→ **The problem**: Once you reach the line containing "10 Best Home", write out that line and every remaining line of the records exactly.

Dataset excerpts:
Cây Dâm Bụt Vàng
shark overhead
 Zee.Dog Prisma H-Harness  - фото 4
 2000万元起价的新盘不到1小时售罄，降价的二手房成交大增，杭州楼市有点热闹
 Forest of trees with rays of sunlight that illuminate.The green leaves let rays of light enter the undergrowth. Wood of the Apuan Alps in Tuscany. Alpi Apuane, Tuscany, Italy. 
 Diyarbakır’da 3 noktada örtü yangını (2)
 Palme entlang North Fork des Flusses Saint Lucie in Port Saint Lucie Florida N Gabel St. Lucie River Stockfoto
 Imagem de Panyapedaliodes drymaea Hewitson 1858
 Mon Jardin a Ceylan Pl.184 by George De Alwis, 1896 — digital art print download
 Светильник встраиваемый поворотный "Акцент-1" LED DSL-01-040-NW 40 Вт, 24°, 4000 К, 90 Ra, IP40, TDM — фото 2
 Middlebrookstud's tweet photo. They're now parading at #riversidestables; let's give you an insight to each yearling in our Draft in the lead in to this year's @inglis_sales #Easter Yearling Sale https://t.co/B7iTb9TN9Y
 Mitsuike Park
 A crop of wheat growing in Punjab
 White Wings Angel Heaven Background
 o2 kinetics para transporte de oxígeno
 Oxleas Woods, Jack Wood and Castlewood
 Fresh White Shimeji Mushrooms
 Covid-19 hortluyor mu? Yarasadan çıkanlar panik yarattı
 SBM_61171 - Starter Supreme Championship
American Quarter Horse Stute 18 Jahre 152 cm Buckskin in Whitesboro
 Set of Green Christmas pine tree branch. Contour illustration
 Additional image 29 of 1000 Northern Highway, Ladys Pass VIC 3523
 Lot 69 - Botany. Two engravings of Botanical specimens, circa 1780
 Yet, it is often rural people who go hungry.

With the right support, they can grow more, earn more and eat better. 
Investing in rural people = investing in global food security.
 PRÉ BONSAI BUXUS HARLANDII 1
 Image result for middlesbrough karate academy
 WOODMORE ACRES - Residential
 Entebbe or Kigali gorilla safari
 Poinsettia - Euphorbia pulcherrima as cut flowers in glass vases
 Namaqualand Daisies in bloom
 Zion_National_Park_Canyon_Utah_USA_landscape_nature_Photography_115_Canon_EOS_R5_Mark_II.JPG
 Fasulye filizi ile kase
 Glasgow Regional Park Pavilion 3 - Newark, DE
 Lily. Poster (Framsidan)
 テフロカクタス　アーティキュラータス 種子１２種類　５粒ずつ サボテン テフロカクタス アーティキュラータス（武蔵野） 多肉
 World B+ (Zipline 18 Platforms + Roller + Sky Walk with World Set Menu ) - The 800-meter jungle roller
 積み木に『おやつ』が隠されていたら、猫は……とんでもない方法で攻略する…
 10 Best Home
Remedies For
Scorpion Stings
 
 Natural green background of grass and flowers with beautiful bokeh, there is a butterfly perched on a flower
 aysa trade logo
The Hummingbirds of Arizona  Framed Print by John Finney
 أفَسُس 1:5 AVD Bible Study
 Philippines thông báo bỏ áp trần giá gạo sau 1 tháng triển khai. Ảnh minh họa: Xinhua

→ **Answer**:
 10 Best Home
Remedies For
Scorpion Stings
 
 Natural green background of grass and flowers with beautiful bokeh, there is a butterfly perched on a flower
 aysa trade logo
The Hummingbirds of Arizona  Framed Print by John Finney
 أفَسُس 1:5 AVD Bible Study
 Philippines thông báo bỏ áp trần giá gạo sau 1 tháng triển khai. Ảnh minh họa: Xinhua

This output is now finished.